I have csv file: dbname1.table1.csv:
|target | source |source_table |relation_type|
---------------------------------------------------------------------------------------
avg_ensure_sum_12m | inn_num | custom_cib_ml_stg.p_overall_part_tend_cust | direct
avg_ensure_sum_12m | protocol_dttm | custom_cib_ml_stg.p_overall_part_tend_cust | direct
avg_ensure_sum_12m | inn_num | custom_cib_ml_stg.p_overall_part_tend_cust | indirect
csv format for this table:
target,source,source_table,relation_type
avg_ensure_sum_12m,inn_num,custom_cib_ml_stg.p_overall_part_tend_cust,direct
avg_ensure_sum_12m,protocol_dttm,custom_cib_ml_stg.p_overall_part_tend_cust,direct
avg_ensure_sum_12m,inn_num,custom_cib_ml_stg.p_overall_part_tend_cust,indirect
Then I create a dataframe by reading it:
val dfDL = spark.read.option("delimiter", ",")
.option("header", true)
.csv(file.getPath.toUri.getPath)
Now I need to create a new dataframe based on dfDL.

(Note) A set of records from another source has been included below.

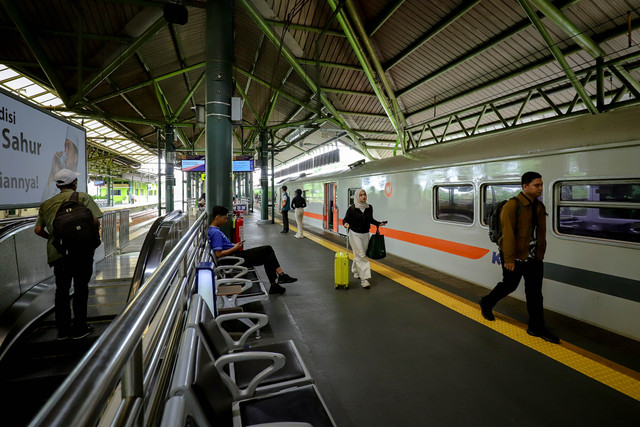 Penumpang berjalan menuju gerbong kereta api di Stasiun Gambir, Jakarta, Rabu (26/3/2025). Foto: Jamal Ramadhan/kumparan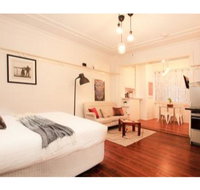 Renovated Art Deco Studio Minutes From The City - Holiday Byron Bay
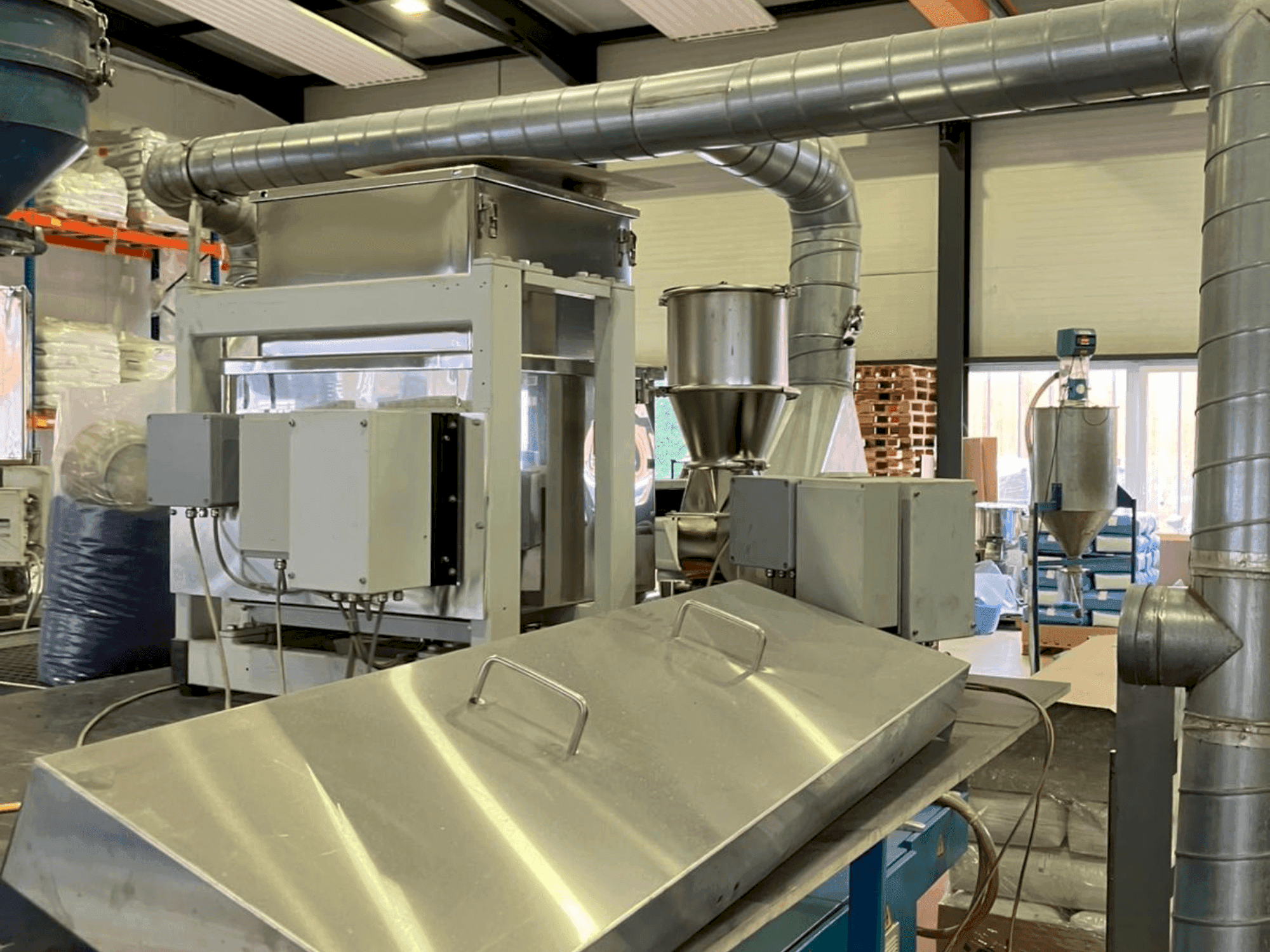 Koneen COPERION STS35 etunäkymä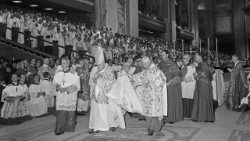 Entrada de João XXIII na Basílica de São Pedro na abertura do Concílio Vaticano II, em 11 de outubro de 1962
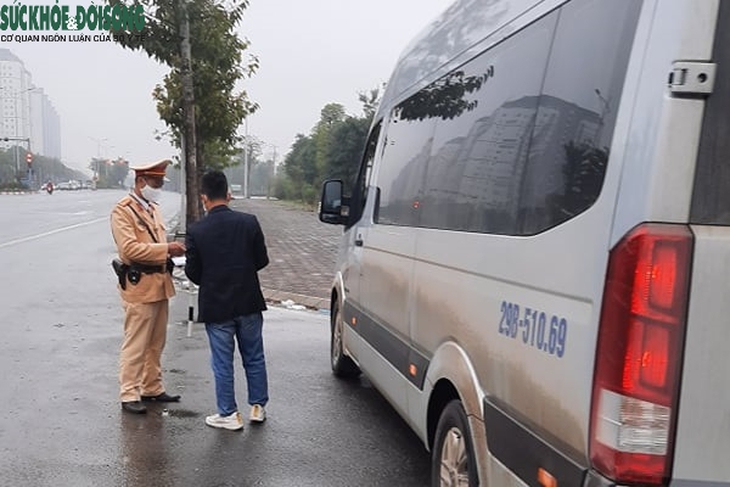 Đảm bảo an toàn giao thông tuyến đường đến Lễ hội Chùa Hương - Ảnh 6.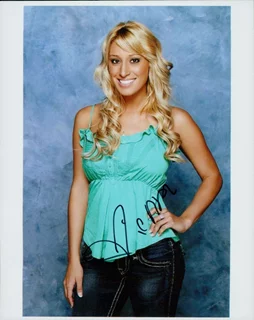 Vienna Girardi autograph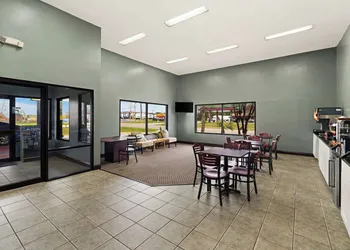 SureStay by Best Western Gulfport hotel thumbnail 2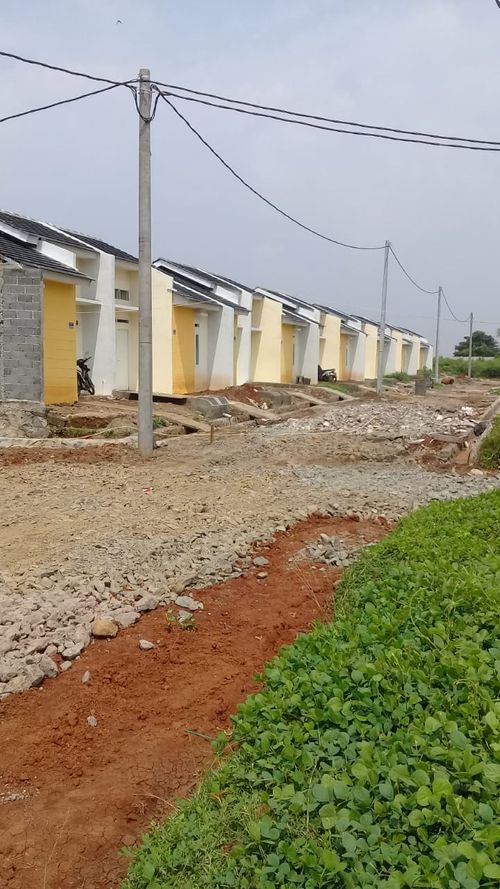 foto posisi tengah perumahan Pesona Rancabango Residence
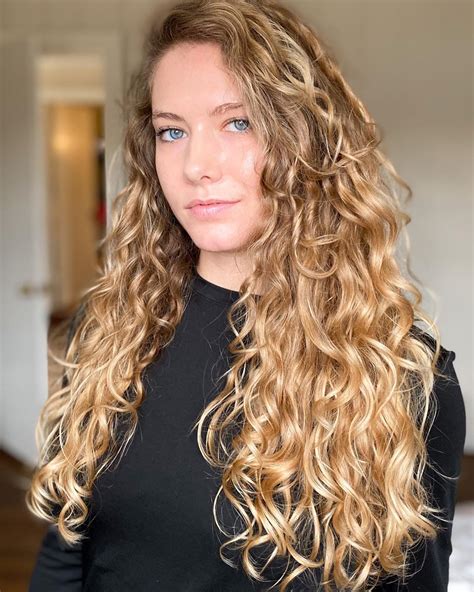 Tricks To Modify The Curly Girl Method For Wavy Hair In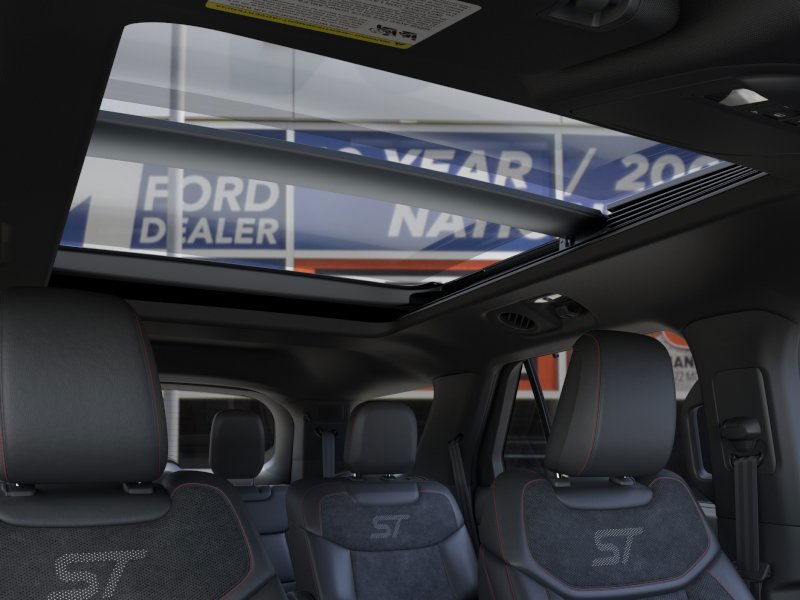 Ford Explorer Vehicle Image 22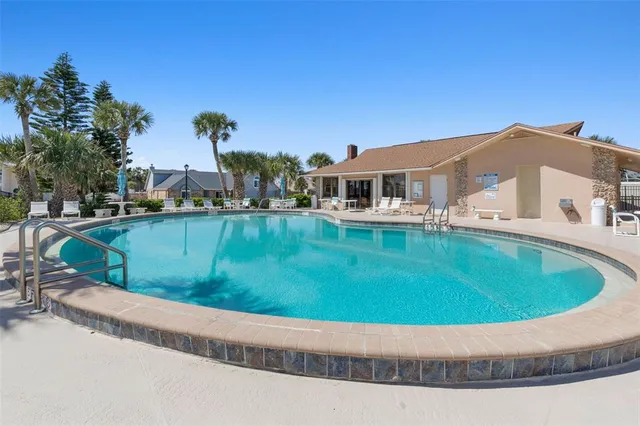 $394,999 | 3370 Ocean Shore Boulevard, Unit 504, Ormond Beach, FL 32176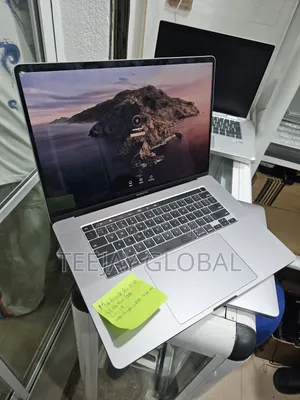 Laptop Apple MacBook Pro 2020 32GB Intel Core i9 SSD 1T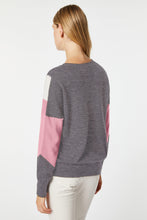 Load image into Gallery viewer, CHUNKY KNIT SWEATER WITH DEEP V NECK AND COLOR-BLOCK DETAILS
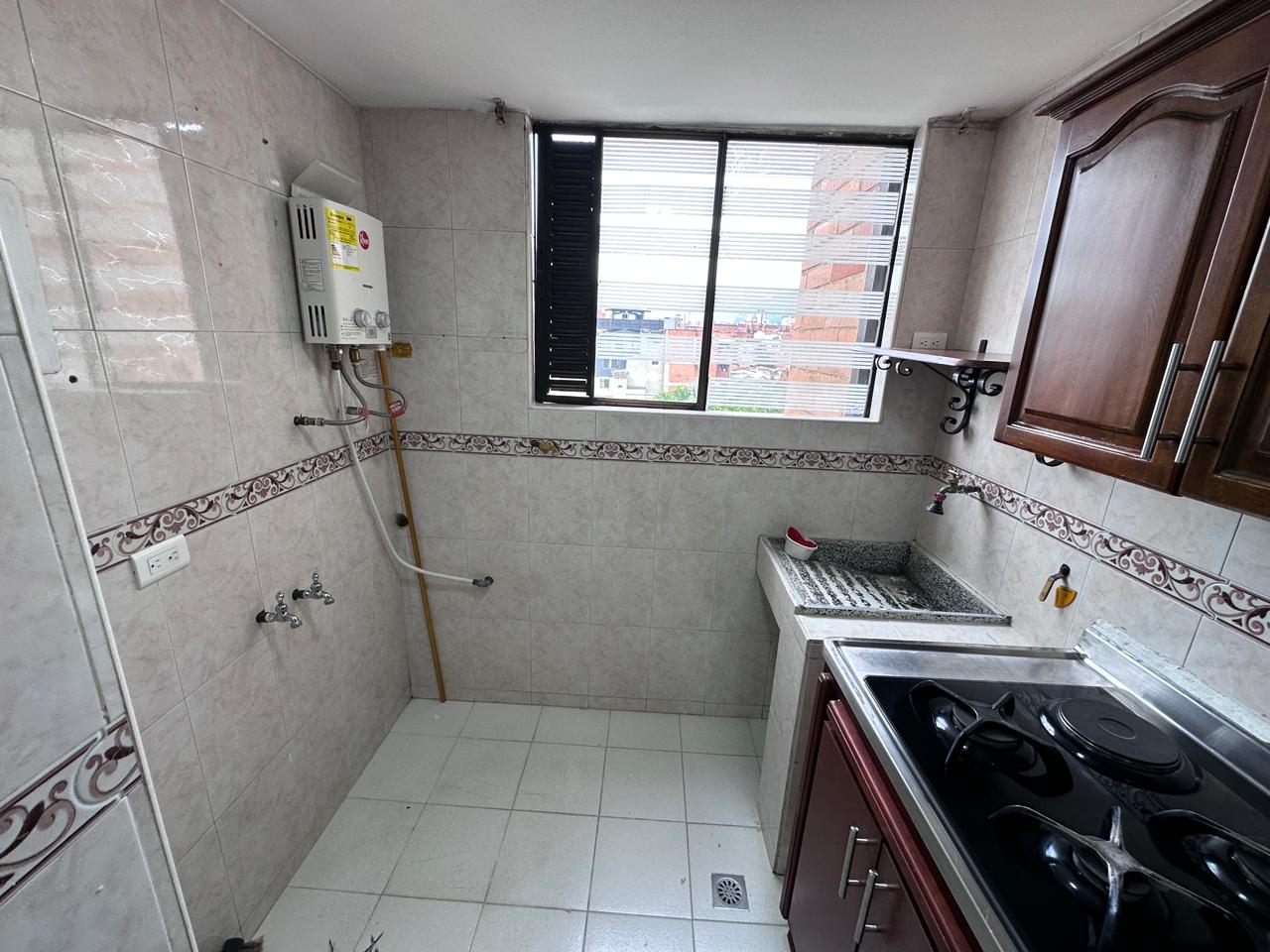 ARRIENDO APARTAMENTO EN SIMON BOLIVAR LAURELES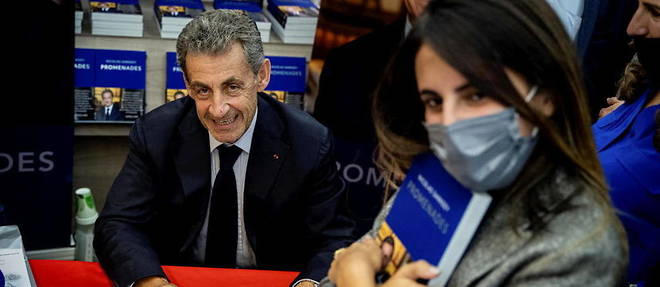 Nicolas Sarkozy etait mercredi en dedicace dans une librairie lyonnaise pour son dernier livre, "Promenades".  
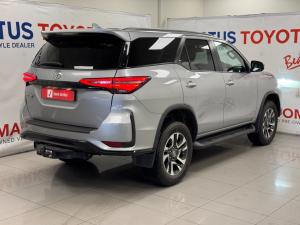 Toyota Fortuner 2.4GD-6 4x4 - Image 2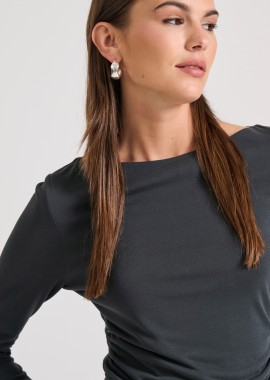 Κορμάκι με σούρες και κλειστή λαιμόκοψη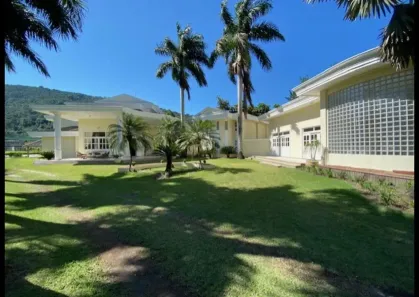 Sobrado com 8 Quartos para alugar, 1200m² no Marina, Mangaratiba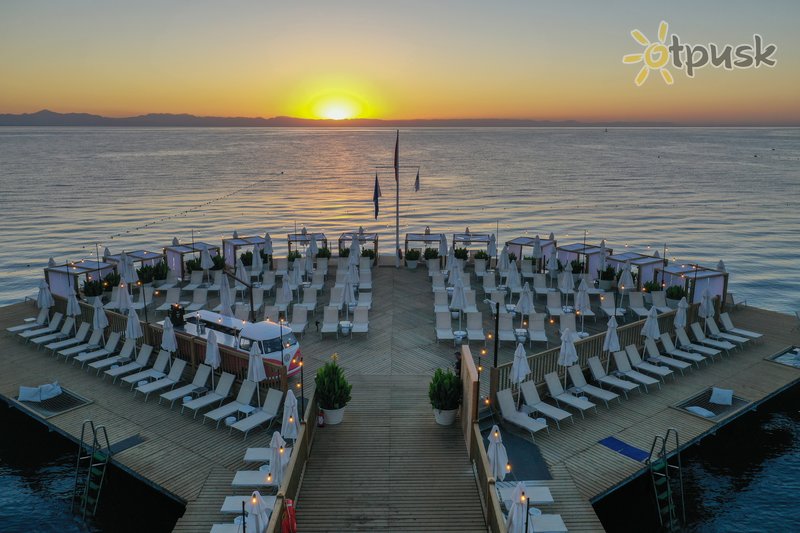 Фото отеля DoubleTree by Hilton Antalya Kemer 5* Кемер Турция пляж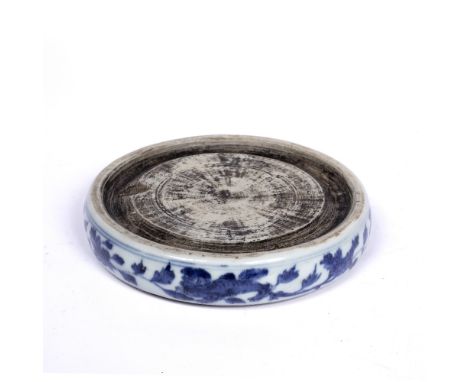 Blue and white ceramic ink-stone Chinese, Kangxi period (1662-1722) decorated to the sides with repeating symbols of flowers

The structure of the new dataframe looks like this:
case class DataLink(schema_from: String,
table_from: String,
column_from: String,
link_type: String,
schema_to: String,
table_to: String,
column_to: String)
The information for the fields of the new DataFrame is obtained from a csv file:
pseudocode:
schema_from = source_table.split(".")(0) // Example: custom_cib_ml_stg
table_from = source_table.split(".")(1) // Example: p_overall_part_tend_cust
column_from = source // Example: inn_num
link_type = relation_type // Example: direct
schema_to = "dbname1.table1.csv".split(".")(0) // Example: dbname1
table_to = "dbname1.table1.csv".split(".")(1) // Example: table1
column_to = target // Example: avg_ensure_sum_12m
I need to create a new dataframe. I can't cope on my own.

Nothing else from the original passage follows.